Source material:
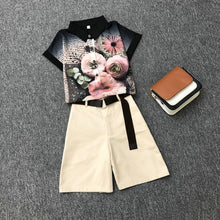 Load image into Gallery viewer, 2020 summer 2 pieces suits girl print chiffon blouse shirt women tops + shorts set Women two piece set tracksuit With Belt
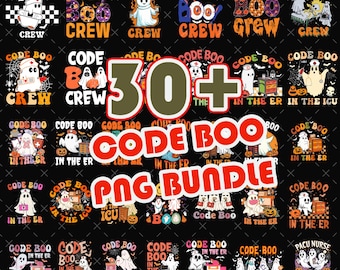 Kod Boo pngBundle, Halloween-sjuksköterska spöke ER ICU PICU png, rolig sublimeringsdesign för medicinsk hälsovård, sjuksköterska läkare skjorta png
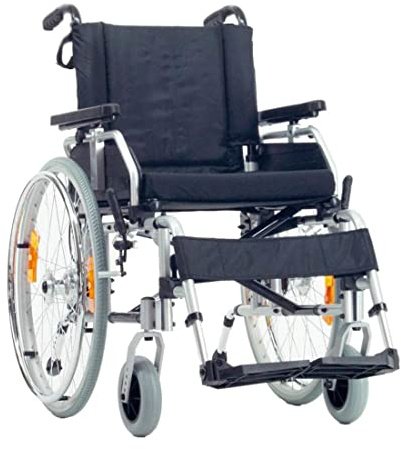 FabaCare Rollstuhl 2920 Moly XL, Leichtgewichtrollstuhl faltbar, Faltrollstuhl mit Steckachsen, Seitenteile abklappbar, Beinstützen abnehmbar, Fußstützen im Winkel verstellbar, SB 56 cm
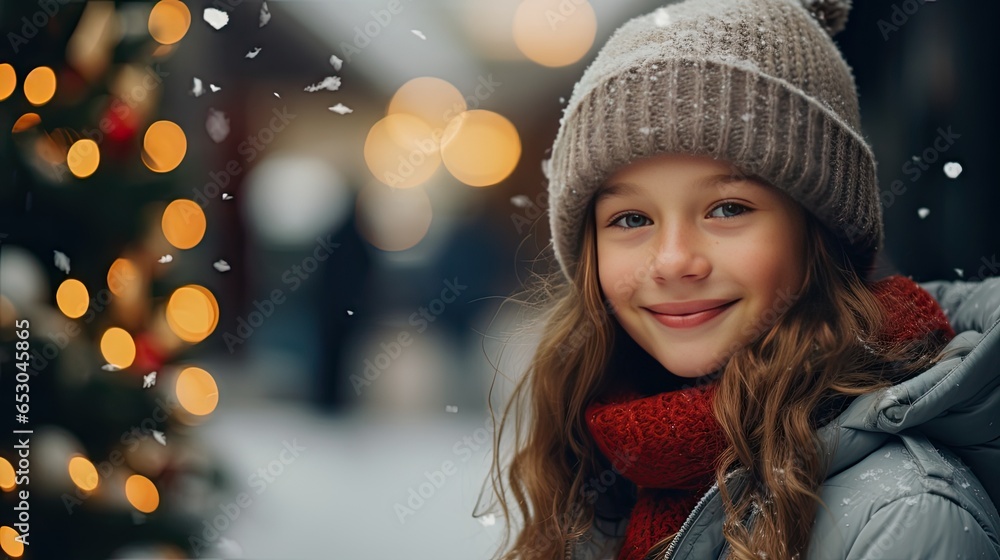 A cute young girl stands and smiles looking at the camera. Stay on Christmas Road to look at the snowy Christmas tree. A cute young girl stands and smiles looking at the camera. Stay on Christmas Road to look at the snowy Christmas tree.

==

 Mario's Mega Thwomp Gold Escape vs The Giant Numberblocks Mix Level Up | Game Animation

Goal of the exercise:
Could the stretch from the line with "Kod Boo pngBundle, Halloween-sjuksköterska" through the line with "Christmas tree. A" in the listing above be restated word for word, minus the pictures?

Output below:
 Kod Boo pngBundle, Halloween-sjuksköterska spöke ER ICU PICU png, rolig sublimeringsdesign för medicinsk hälsovård, sjuksköterska läkare skjorta png
 FabaCare Rollstuhl 2920 Moly XL, Leichtgewichtrollstuhl faltbar, Faltrollstuhl mit Steckachsen, Seitenteile abklappbar, Beinstützen abnehmbar, Fußstützen im Winkel verstellbar, SB 56 cm
 A cute young girl stands and smiles looking at the camera. Stay on Christmas Road to look at the snowy Christmas tree. A cute young girl stands and smiles looking at the camera. Stay on Christmas Road to look at the snowy Christmas tree.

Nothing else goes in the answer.